If you do this, and then make sure that your ListNode class always allocates and deallocates the copy of the item, you can then make the data member a T instead of a T*. This means that you can make your class something like this:

template<typename T>
class ListNode
{
public:

    explicit ListNode( const T& d )
        : data(d), next()
    {
    }

    T& getData()              { return data; }
    const T& getData() const  { return data; }
    ListNode* getNext() const { return next; }
    void setNext(ListNode* p) { next = p; }

private:
    ListNode* next;
    T data;
}

I've moved to using references for things which can't now be null. Also, everything that's owned is now a data member and things that that class doesn own (next) are referred to by pointer.

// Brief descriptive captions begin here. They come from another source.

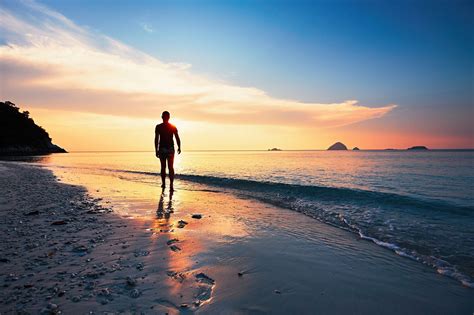 Contemplation on the tropical beach - Lonely man walking on the tropical beach during amazing ...
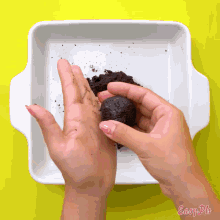 a person is holding a ball of dirt in their hand in front of a white dish that says easy pie on the bottom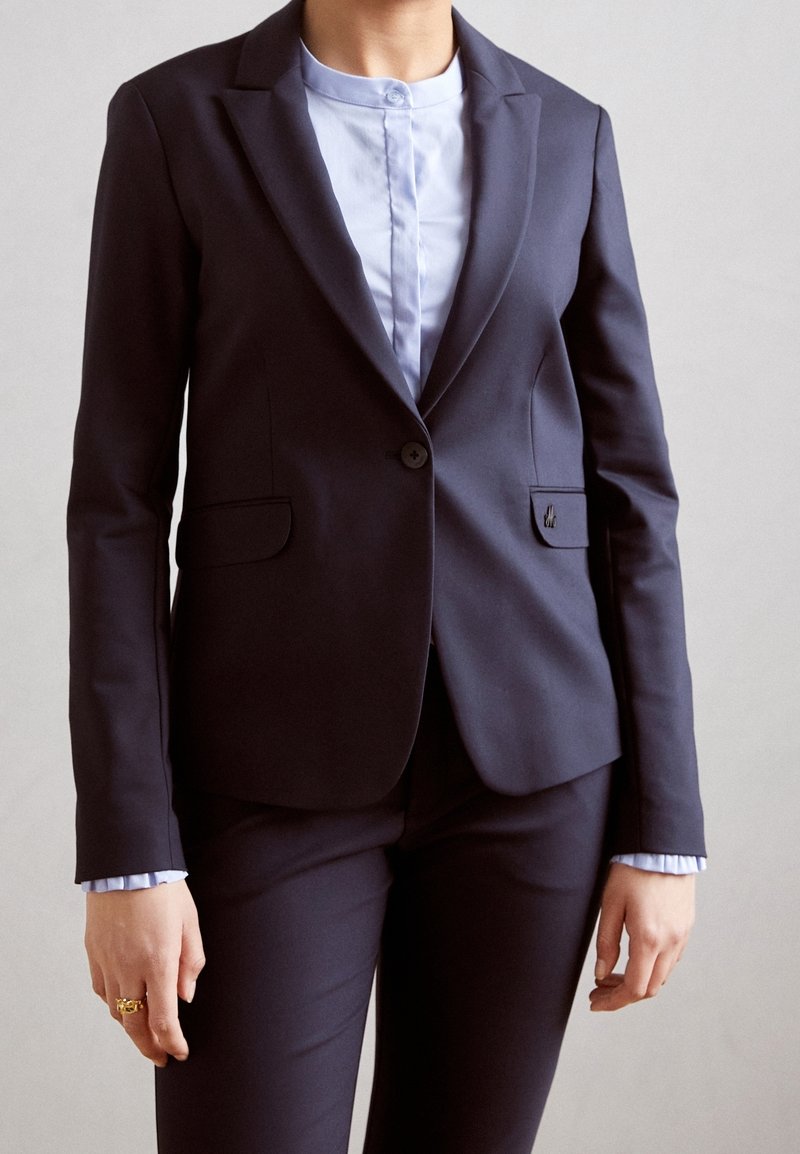 Blazer bleu marine à coupe ajustée, à un bouton, poches latérales et un emblème subtil. En dessous, une chemise bleu clair à col avec des poignets à volants.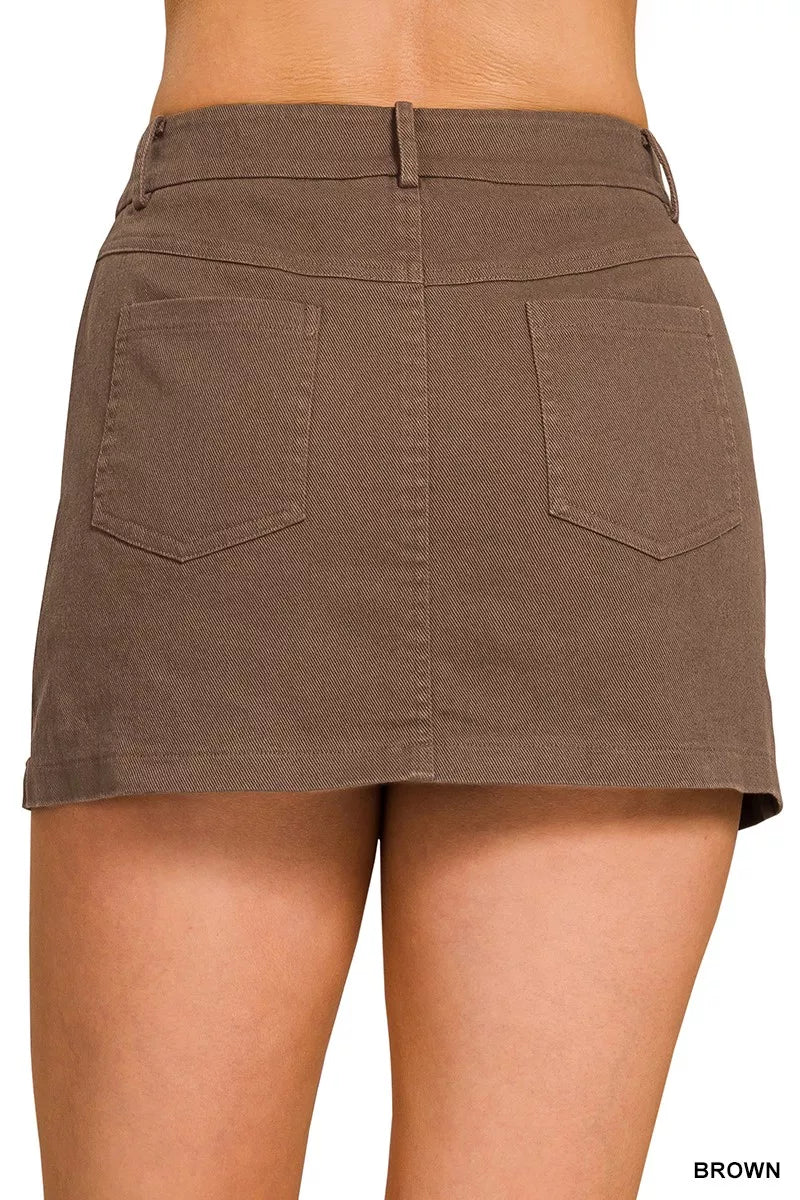 Brown cotton twill mini skirt with belt loops, button fly, two front patch pockets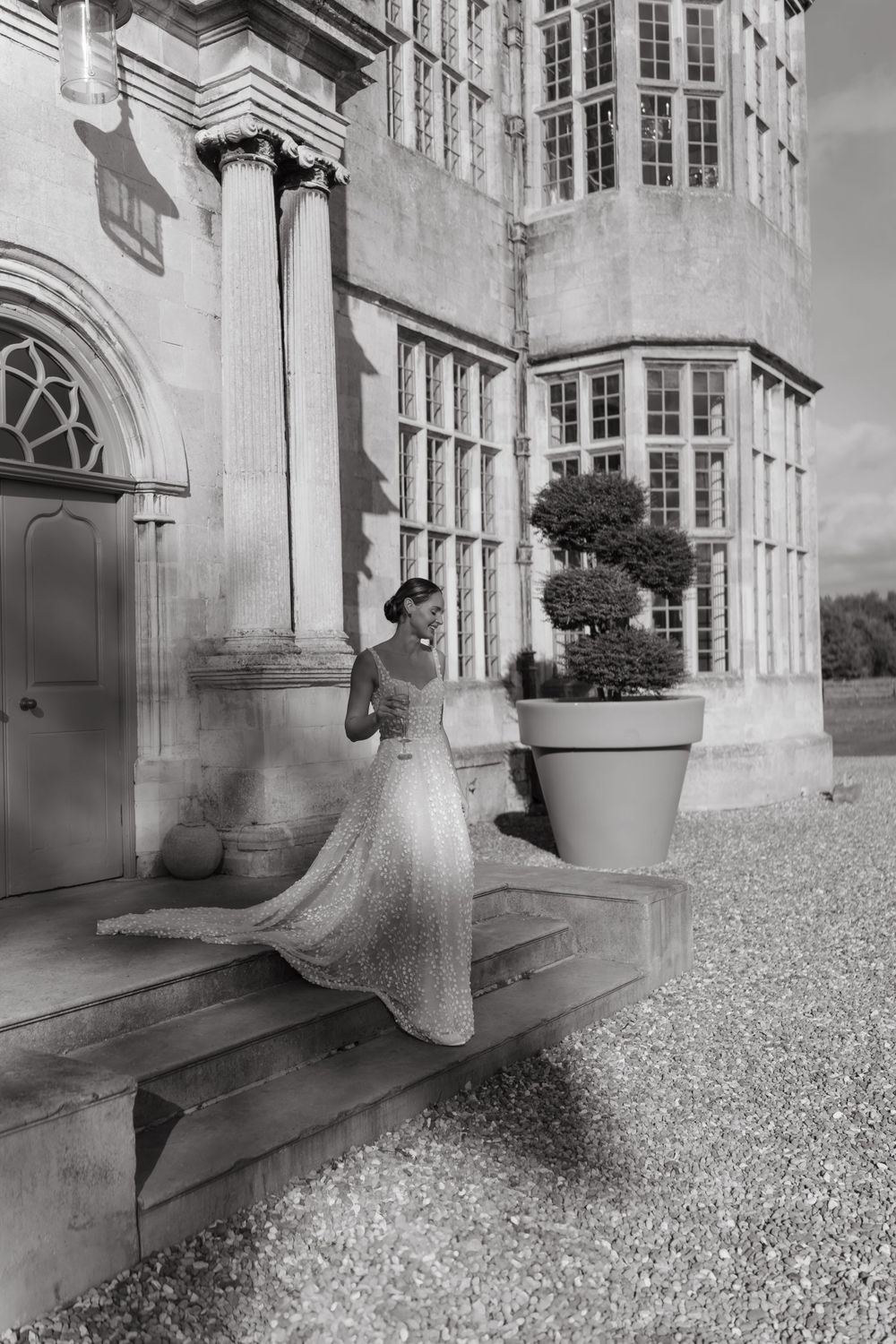 Black and white photo of a bride in flowing lace gown standing on stone steps of an elegant historic mansion.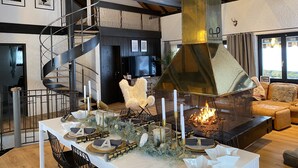 Ein modernes Wohnzimmer mit Kamin, einer Wendeltreppe und einer gemütlichen Sitzecke.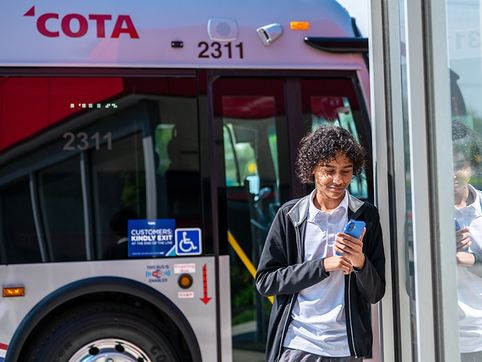 A rider looks at a phone while stepping off a COTA bus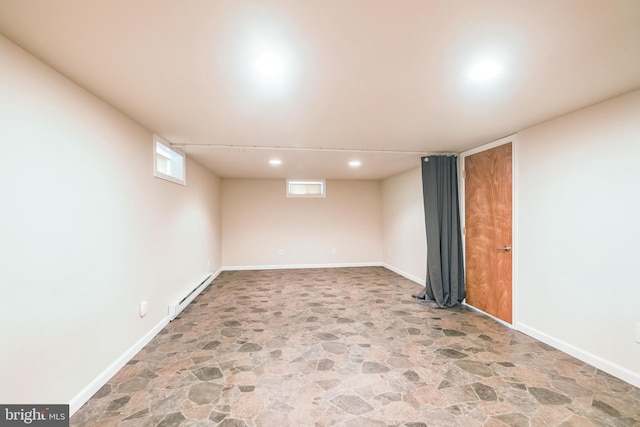 10918 Allen Ave, Hagerstown, MD 21740 - below grade area featuring baseboards, a baseboard radiator, stone floors, and recessed lighting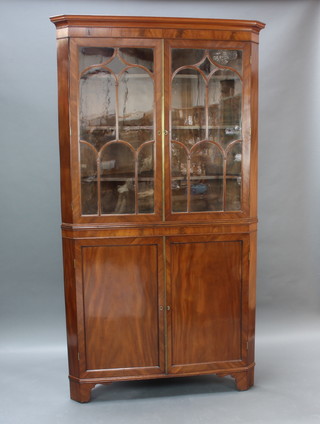 A Georgian mahogany double corner cabinet, the upper section with moulded cornice, fitted shelves enclosed by astragal glazed panelled doors, the base fitted a cupboard enclosed by panelled doors, raised on bracket feet 219cm h x 120cm w x 59cm d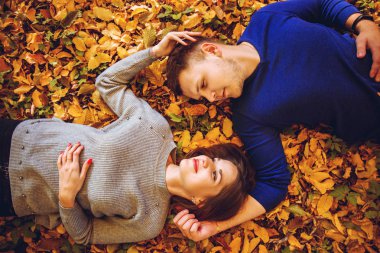 Genç erkek ve kadın üzerinde sonbahar yaprakları yalan
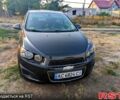 Серый Шевроле Соник, объемом двигателя 1.8 л и пробегом 129 тыс. км за 7000 $, фото 1 на Automoto.ua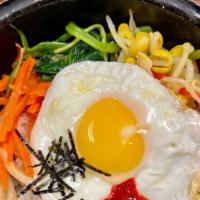 Bibimbap · Assorted vegetables with bulgogi, sunny-side up 
egg, chili paste, and dry seaweed over rice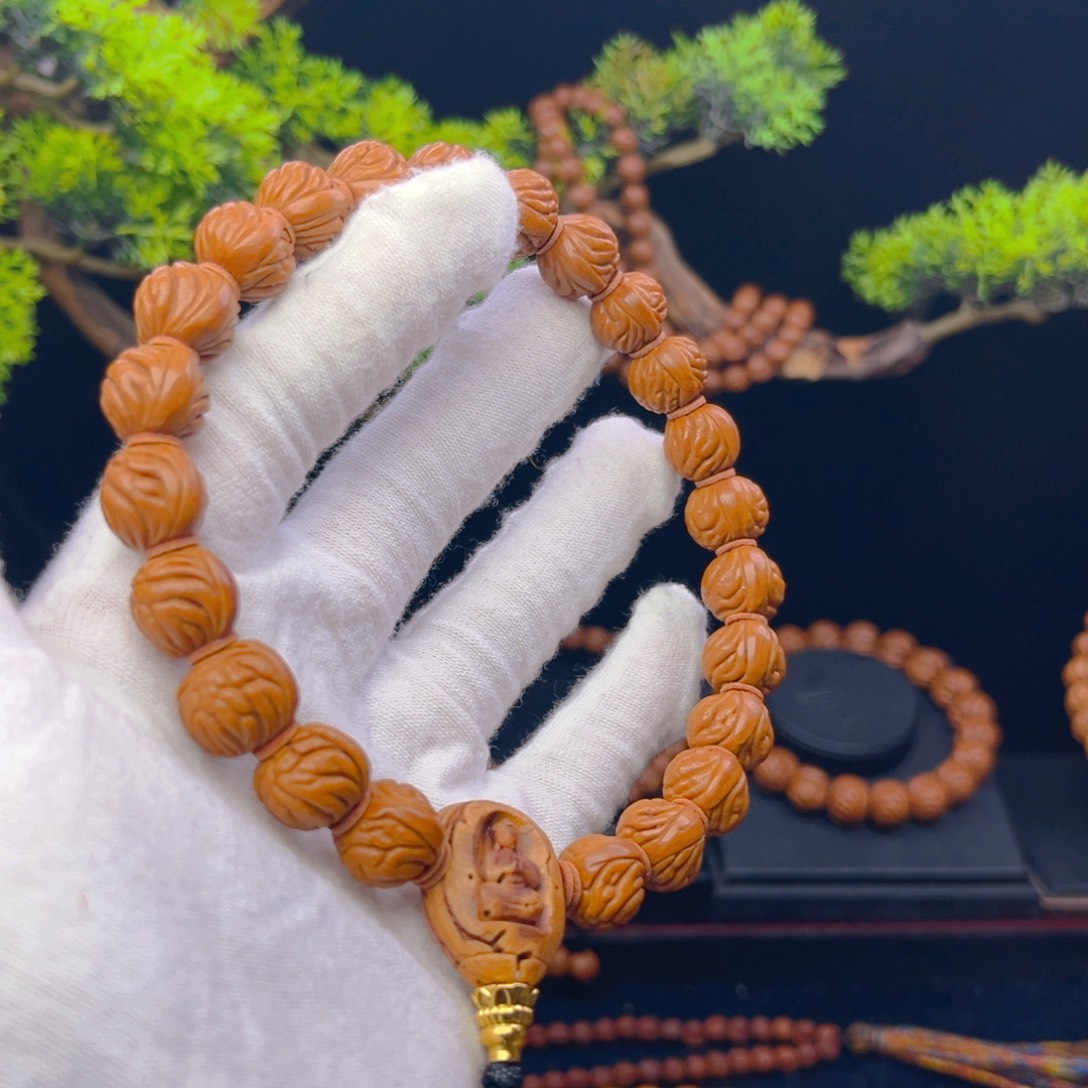 胜***）吊坠桃核野生桃核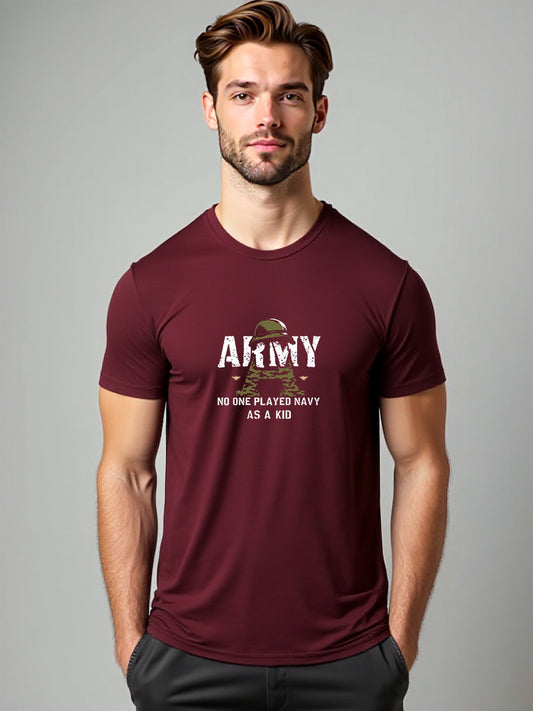 “Male model wearing a dark maroon crewneck T-shirt printed with distressed white ‘ARMY’ text over a camouflage-pattern ‘A’ and helmet icon, with ‘No one played navy as a kid’ below.”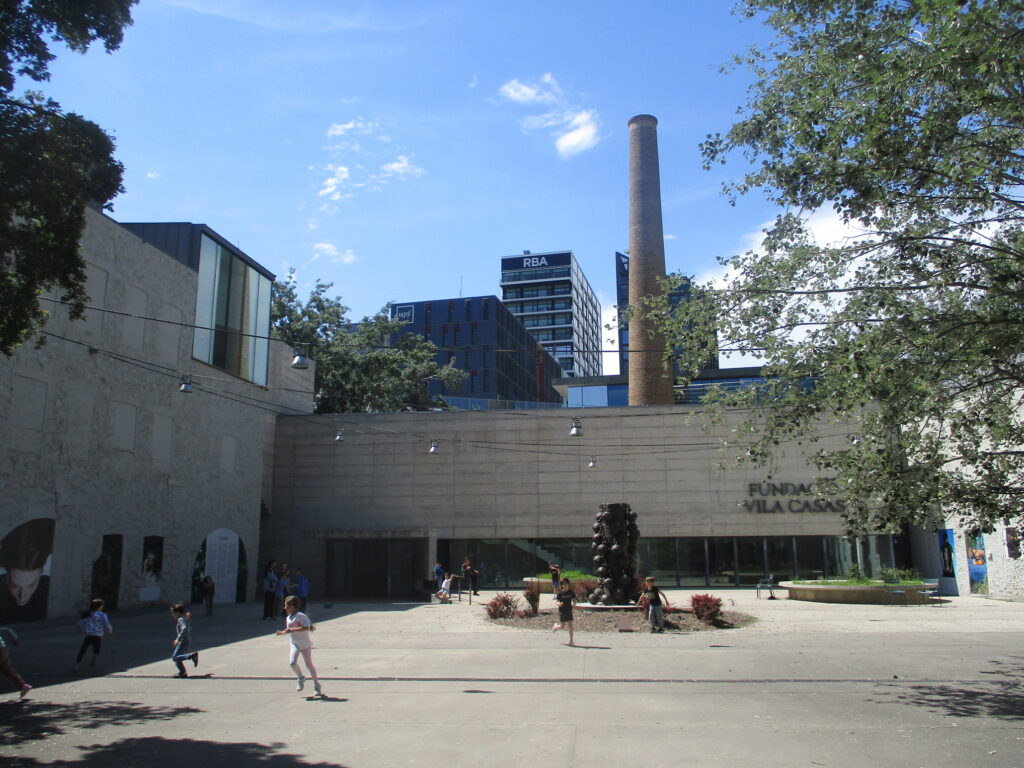 Kinder und Erwachsene spazieren in einem offenen Hof vor dem Gebäude der Fundació Vila Casas, in dem sich moderne Architektur mit markanten Designelementen vermischt und ein hoher Schornstein vor einem blauen Himmel mit vereinzelten Wolken emporragt. at Hochschule Coburg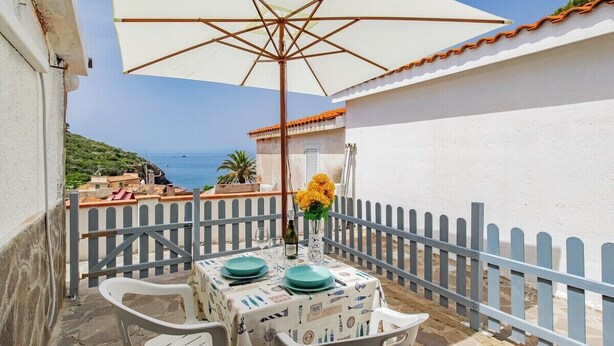 A terrace with a table set for two, a white umbrella, and a view of the sea.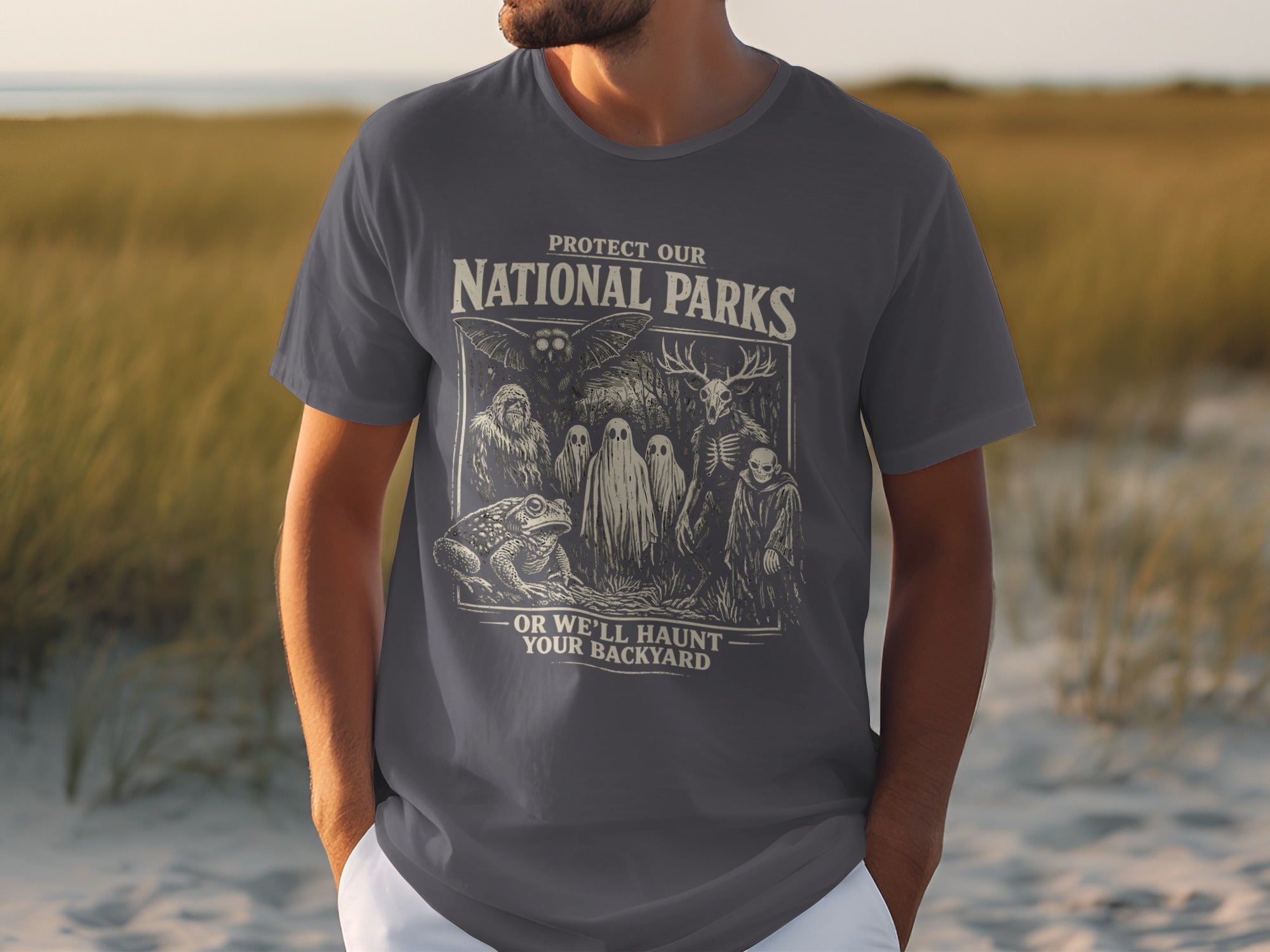 Dark grey t-shirt with "Protect Our National Parks" and spooky creatures.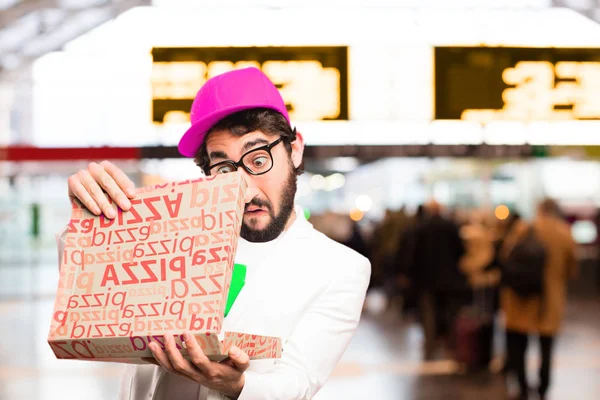 Joven empresario loco con una pizza — Foto de Stock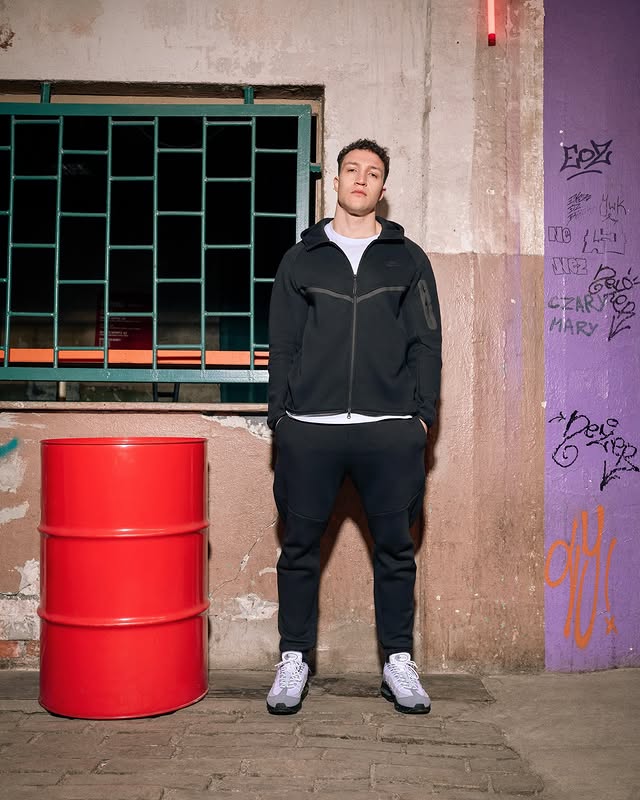 Instagram post by @ajthepolishamerican for JD Sports Poland. Caption reads: Chyba oficjalnie zostałem modelem🫣 Nowa sesja dla....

Of these two functions, I hope that the second was a private function because your destructor always assumes that the List (via a ListNode) owns the data pointer so having a public function which takes a raw pointer that doesn't take a copy is potentially dangerous.

template<typename T, class COMPFUNCTOR>
void List<T, COMPFUNCTOR>::append(T* d);

template<typename T, class COMPFUNCTOR>
void List<T, COMPFUNCTOR>::append(const T& d);

With the change to ListNode above we can implement the second of these without needing the help of the first quite simply.

template<typename T, class COMPFUNCTOR?
void List<T, COMPFUNCTOR>::append(const T& d)
{
    ListNode<T>* newNode = new ListNode<T>(d);

    if (!tail)
        tail->setNext( newNode );
    else
        head = newNode;

    tail = newNode;
    size++;
}

The destructor 'walk' for the List remains similar to what you have except there should be no attempt to manually delete the owned data of the ListNode, that happens automatically when you delete the ListNode itself.

Note: all my code is untested, it's for exposition only!